Showing posts with label number of ancestors. Show all posts
Showing posts with label number of ancestors. Show all posts

Saturday, February 23, 2008

Something Doesn't Add Up

It took me a few minutes to figure this out:

By the time you have found your x5 great grandparents (around 150 years ago) you will potentially have a list of 148 ancestors – and of course it doubles up with every further generation! [Link]
OK, barring incestuous liasons between cousins, each of us has 128 "x5 great grandparents." Adding in all the intervening generations gives us 254 ancestors. Subtract the 106 ancestors whose prison records and gambling debts make us ashamed and we arrive at ... 148!

Thursday, August 23, 2007

You Have More Grandmas Than Grandpas

Transylvanian Dutch links to a New York Times blog post claiming that more of our ancestors are women than men.

While it’s true that about half of all the people who ever lived were men, the typical male was much more likely than the typical woman to die without reproducing. Citing recent DNA research, Dr. [Roy F.] Baumeister explained that today’s human population is descended from twice as many women as men. Maybe 80 percent of women reproduced, whereas only 40 percent of men did. [Link]
An update to the post gives a good explanation of how this is possible. In short, the difference in reproduction rates combined with pedigree collapse makes it more likely that men will appear multiple times in your family tree with different mates than will women.

Tuesday, July 17, 2007

We're More Dead Than Alive

Nancy Bovy sent a link to a cool SciAm article that debunks the myth that 75 percent of all people ever born are currently alive.

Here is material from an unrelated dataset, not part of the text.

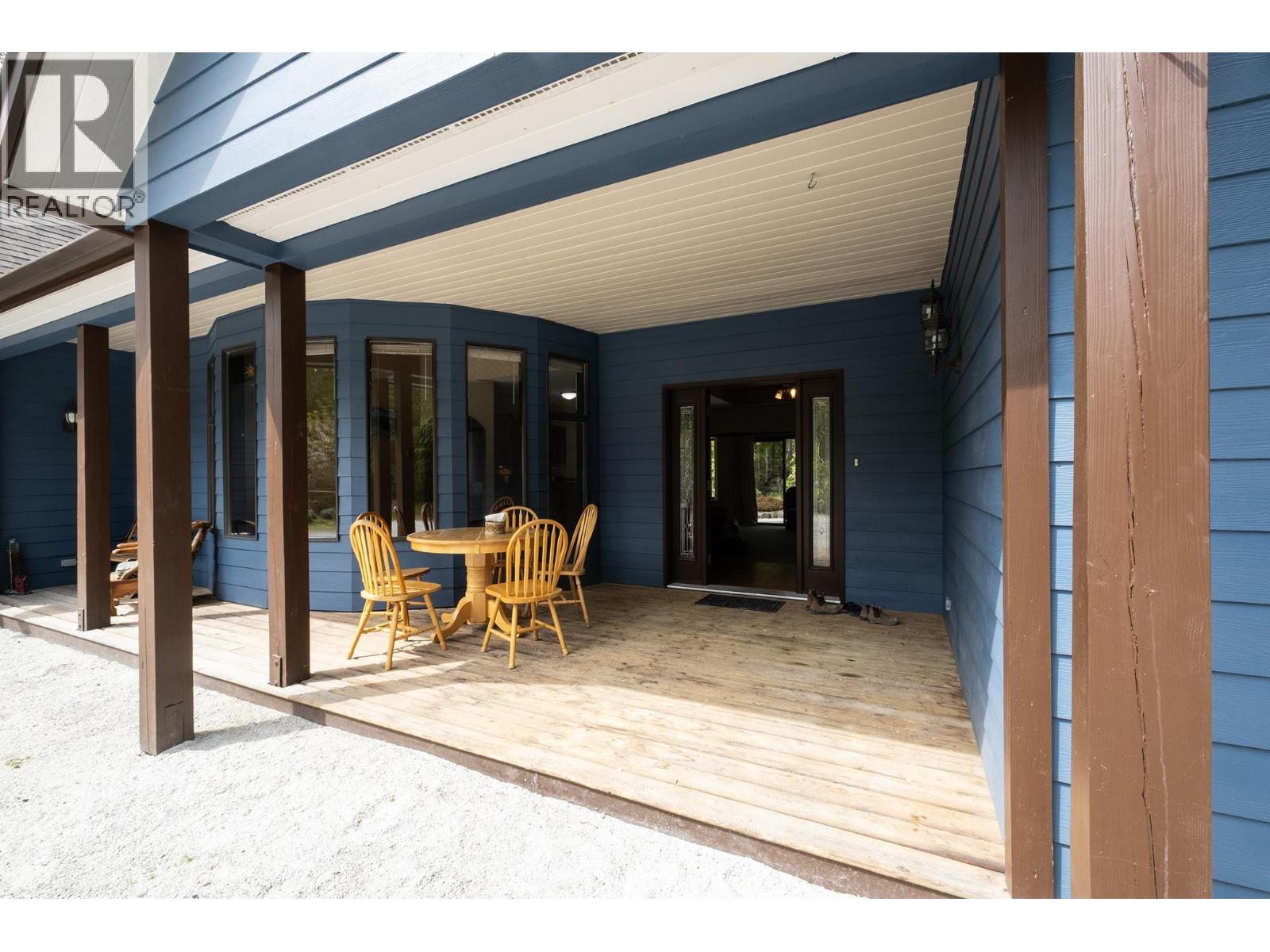 11832 SUNSHINE COAST HIGHWAY, Pender Harbour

To calculate how many people have ever lived, [Carl] Haub followed a minimalist approach, beginning with two people in 50000 B.C.—his Adam and Eve. Then, using his historical growth rates and population benchmarks, he estimated that slightly over 106 billion people had ever been born. Of those, people alive today comprise only 6 percent, nowhere near 75 percent. "[It is] almost surely true people alive today are some small fraction of [all] people," says Joel Cohen, a professor of populations at the Rockefeller and Columbia Universities in New York City. [Link]
I wonder how many of those 106 billion people left enough evidence of their existence that they may be genealogically (and not just genetically) linked to persons alive today, and how many are ancestors we will never find.

Sunday, June 05, 2005

An Argument for Inbreeding?

Every genealogist knows that the number of one's ancestors increases exponentially the further back one goes. Each person has two biological parents, four grandparents, eight great-grandparents, and so on. In the tenth generation (counting oneself as the first) one has 512 ancestors; in the twentieth one has 524,288; in the thirtieth one has 536,870,912. Adding up the members of each generation from the second to the thirtieth, we find 1,073,741,823 total ancestors. Go back a few more generations, and we have exceeded the number of persons who have ever lived on Earth. And yet, thirty generations (assuming each to measure 25 years) takes us back only to the thirteenth century!

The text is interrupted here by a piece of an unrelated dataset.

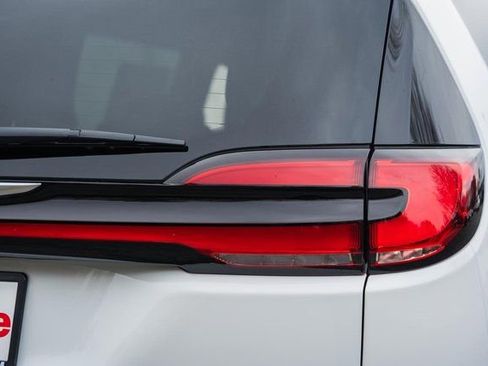 New 2026 Chrysler Pacifica Select FWD image 18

Of course we haven't each had a billion distinct ancestors since the Middle Ages. We have all found (or will eventually find) loops in our family trees—near or distant cousins who marry, and so share common ancestors. If my father and mother were first-cousins (shared one set of grandparents), I would have only three sets of great-grandparents, and my family tree in previous generations would be reduced by a quarter.

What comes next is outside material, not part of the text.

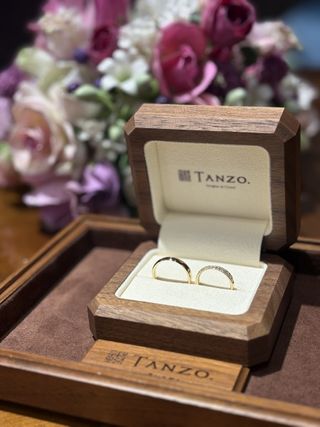 【TANZO.(鍛造指輪)の口コミ】 シンプルなデザインだけどダイヤも目立つ指輪が良かったのと結婚指輪なの…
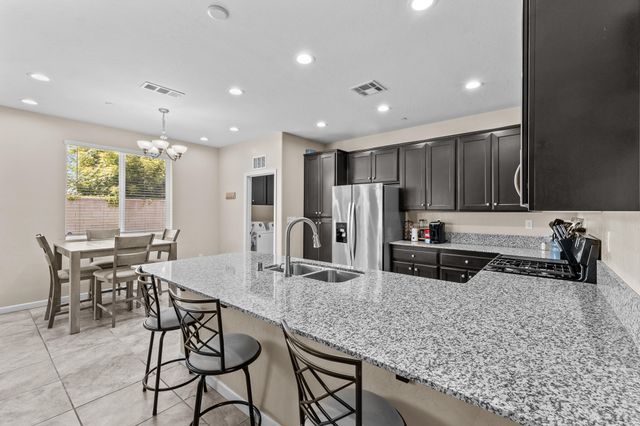 1727 Bristol Avenue, Tulare, CA 93274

There is an upper limit to the number of ancestors one can have at any given generation. But is there a lower limit?

Consider a society which allows siblings to marry. If a brother and sister married in every generation, one would have two parents, two grandparents, two great-grandparents, and so on. One would then have only 58 ancestors to track down through the thirtieth generation!

Now suppose that one's parents are first cousins who share both sets of grandparents—in other words, the father's parents are siblings of the mother's parents—and that this pattern is repeated in each preceding generation. One would then have four grandparents, four great-grandparents, and so on. Through the thirtieth generation, one would have 114 ancestors—still a very manageable number.